Exercise — A partial copy is required: transcribe exactly the lines from the one containing "Case - Xiaomi" through the last line below, without any pictures.

Task data —
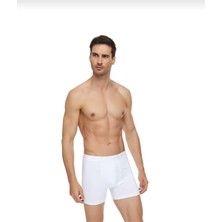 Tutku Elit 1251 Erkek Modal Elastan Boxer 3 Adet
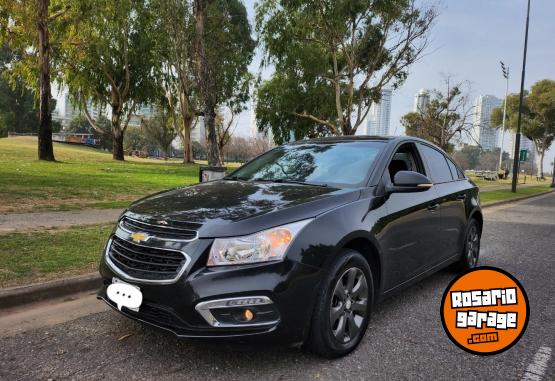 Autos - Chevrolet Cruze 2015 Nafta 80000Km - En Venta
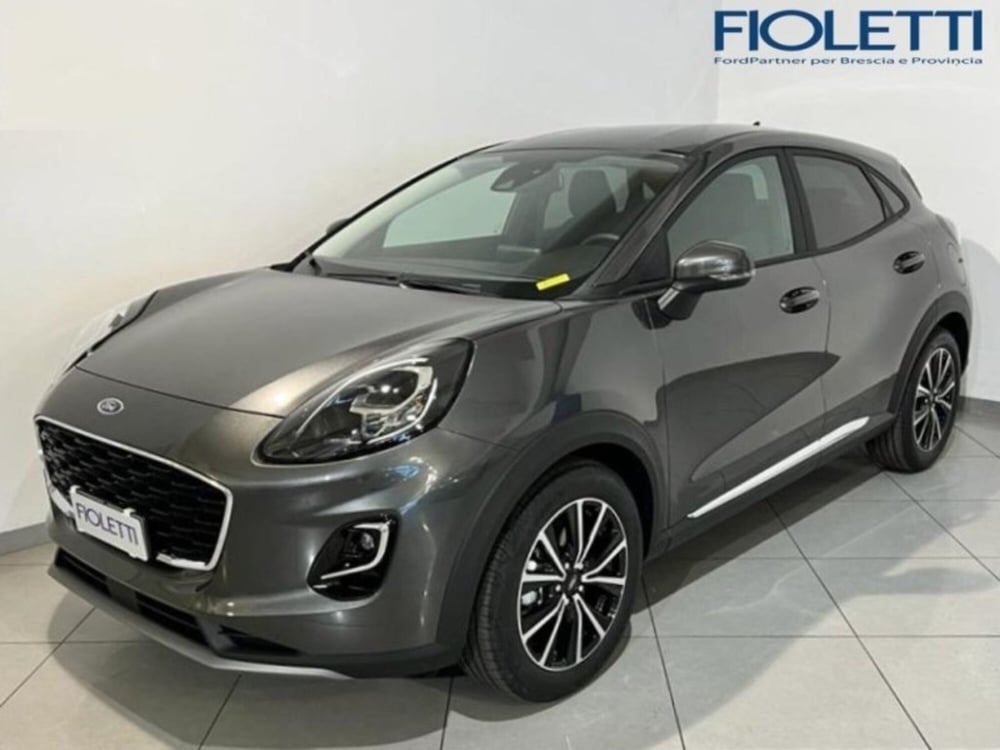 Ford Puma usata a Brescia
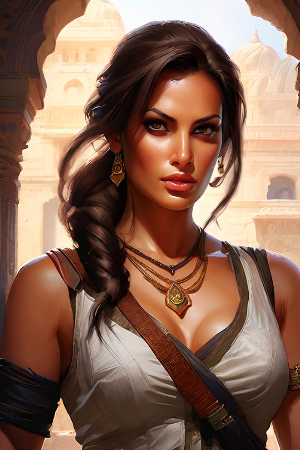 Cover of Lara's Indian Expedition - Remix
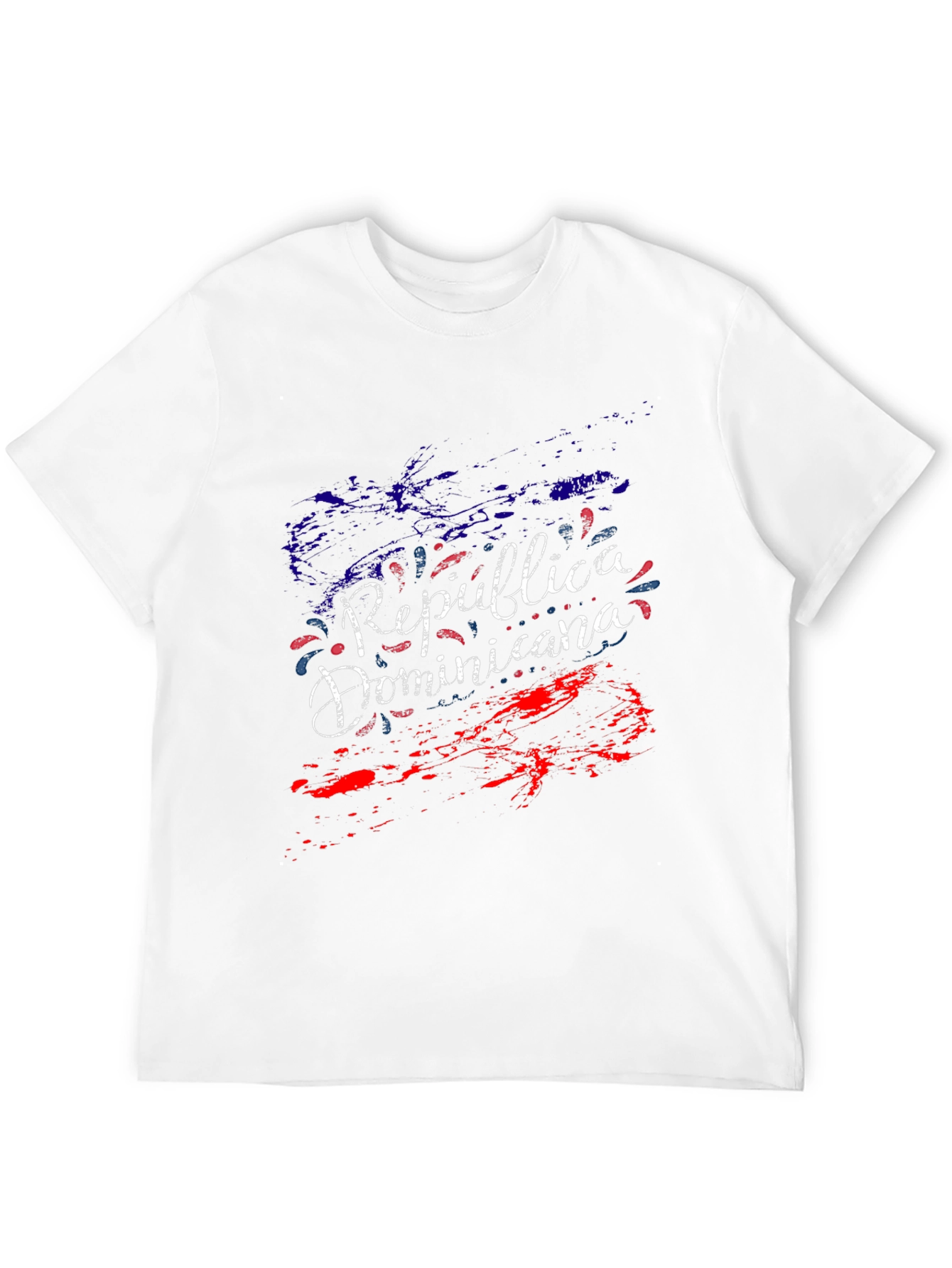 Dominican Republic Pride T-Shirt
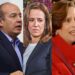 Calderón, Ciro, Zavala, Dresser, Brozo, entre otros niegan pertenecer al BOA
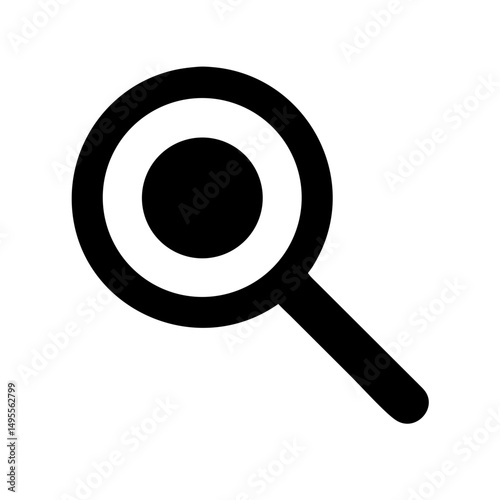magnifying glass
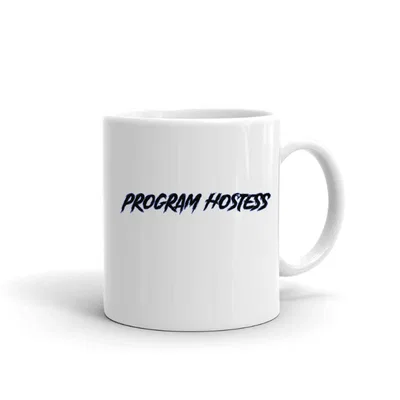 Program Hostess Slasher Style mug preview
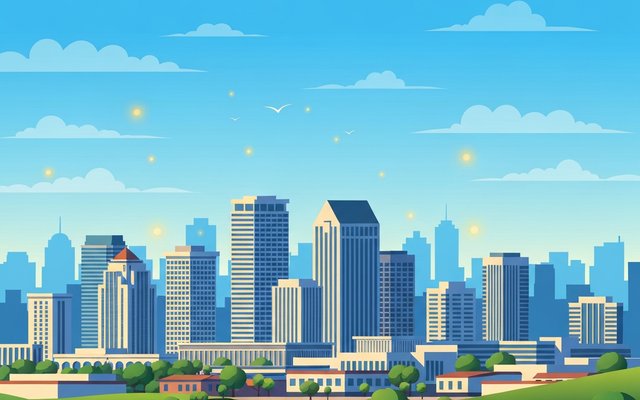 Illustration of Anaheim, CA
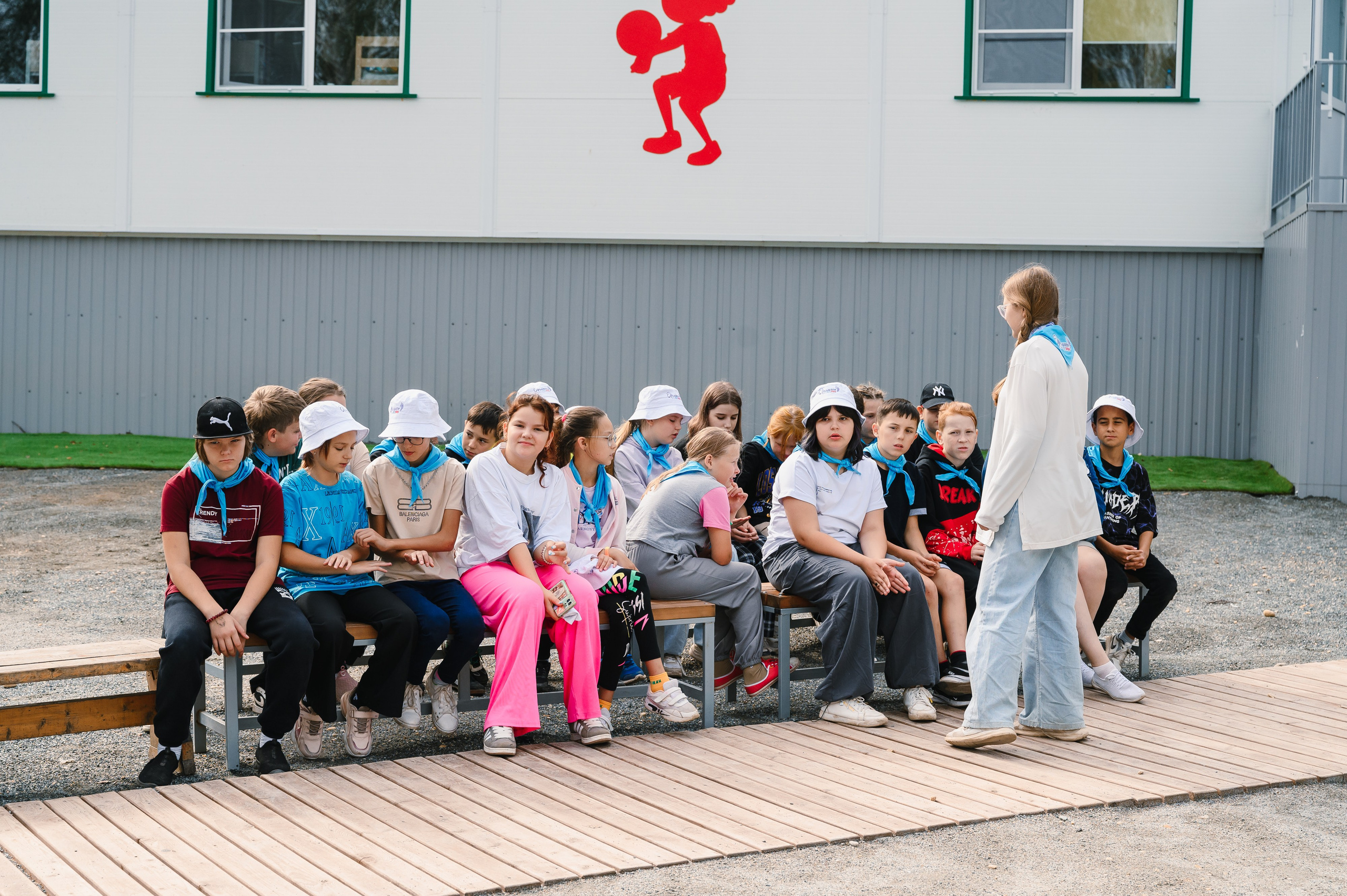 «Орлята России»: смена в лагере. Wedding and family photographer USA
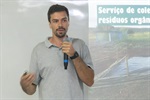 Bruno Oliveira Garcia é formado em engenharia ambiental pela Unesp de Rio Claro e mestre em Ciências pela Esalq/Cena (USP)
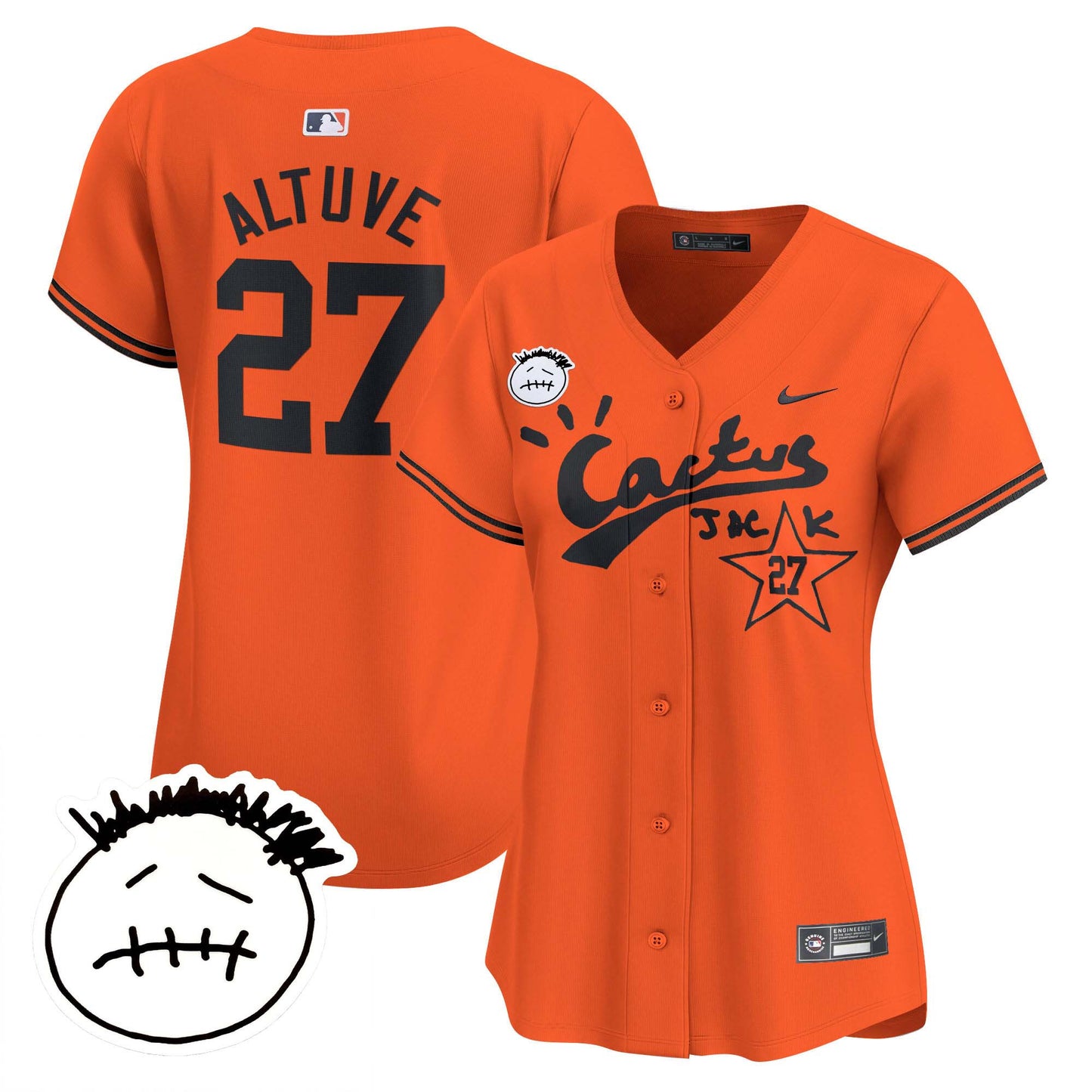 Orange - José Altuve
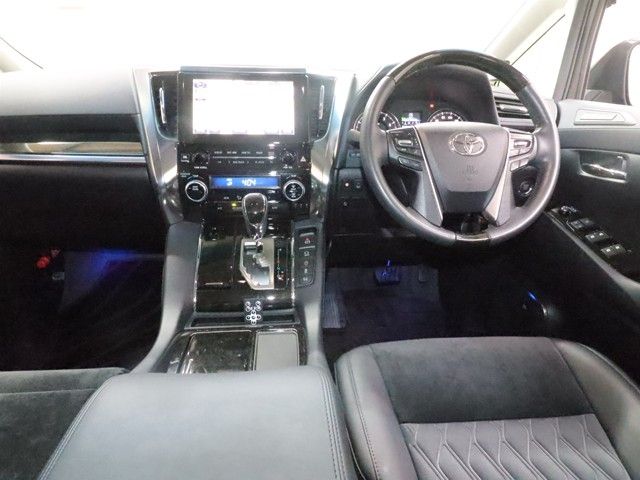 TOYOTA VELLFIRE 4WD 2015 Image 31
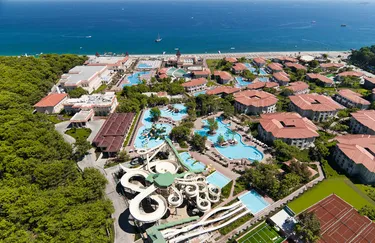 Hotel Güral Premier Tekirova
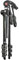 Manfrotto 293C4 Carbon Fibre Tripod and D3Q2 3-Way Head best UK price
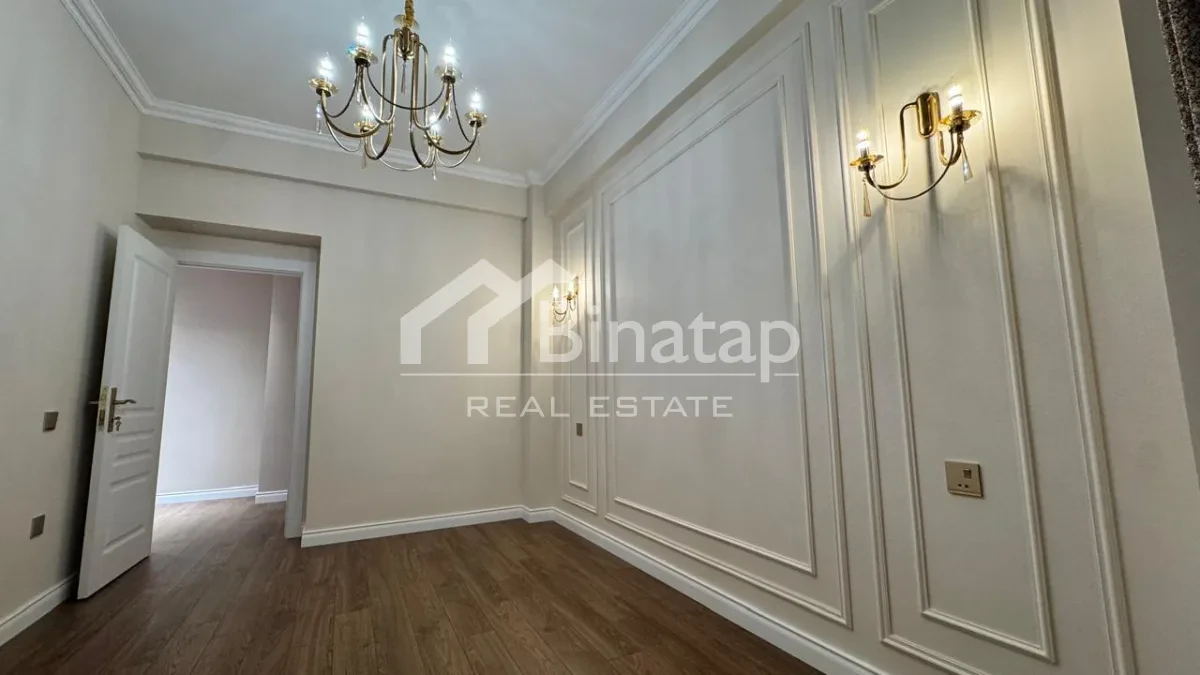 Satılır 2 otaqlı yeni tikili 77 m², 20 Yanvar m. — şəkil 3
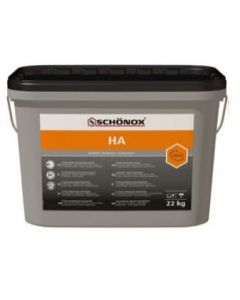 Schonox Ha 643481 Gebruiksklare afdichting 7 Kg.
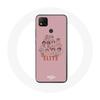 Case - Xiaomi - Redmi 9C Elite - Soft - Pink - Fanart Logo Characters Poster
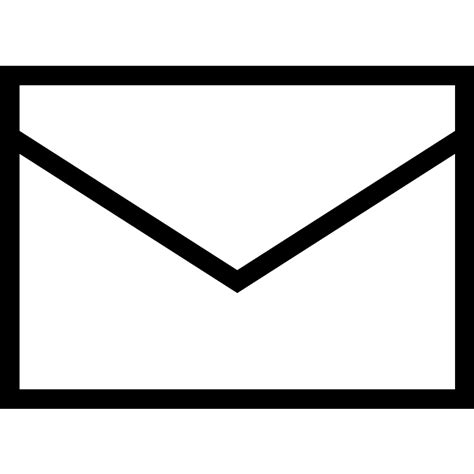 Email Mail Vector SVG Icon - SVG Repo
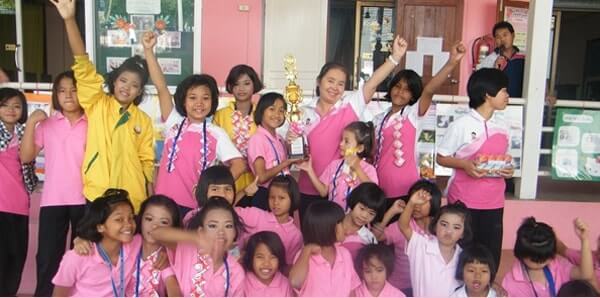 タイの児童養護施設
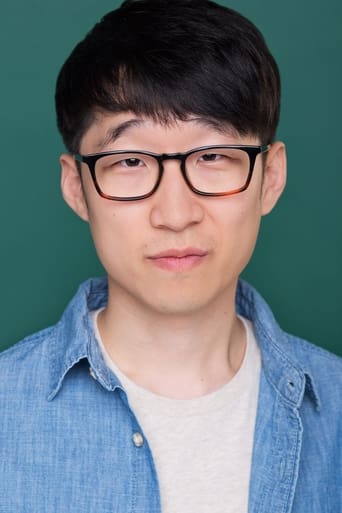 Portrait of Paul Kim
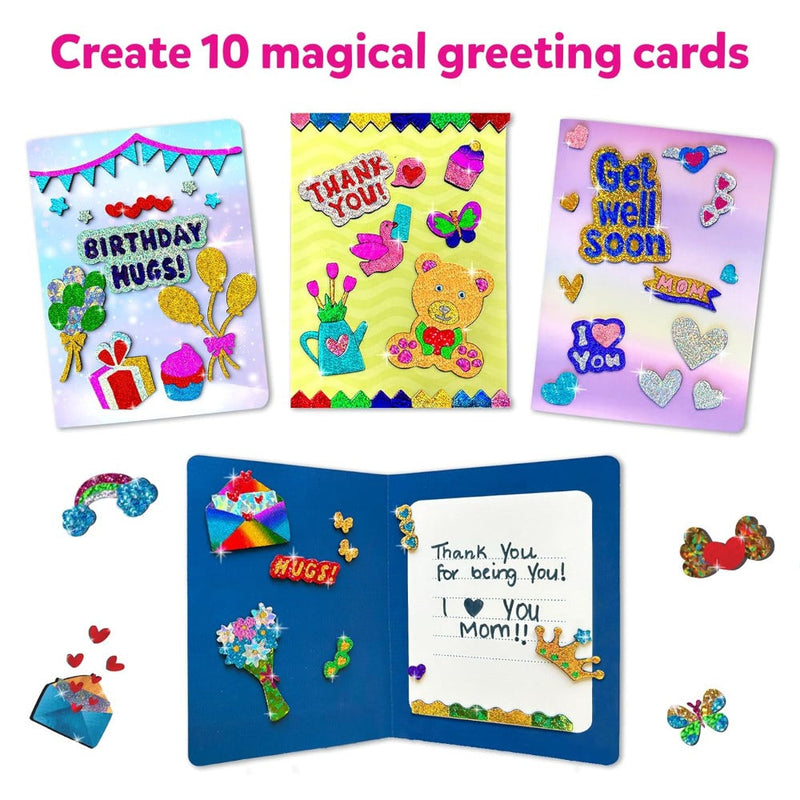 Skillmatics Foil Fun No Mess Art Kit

Solution —
 Case - Xiaomi - Redmi 9C Elite - Soft - Pink - Fanart Logo Characters Poster
 Email Mail Vector SVG Icon - SVG Repo
 タイの児童養護施設
 Portrait of Paul Kim
 Skillmatics Foil Fun No Mess Art Kit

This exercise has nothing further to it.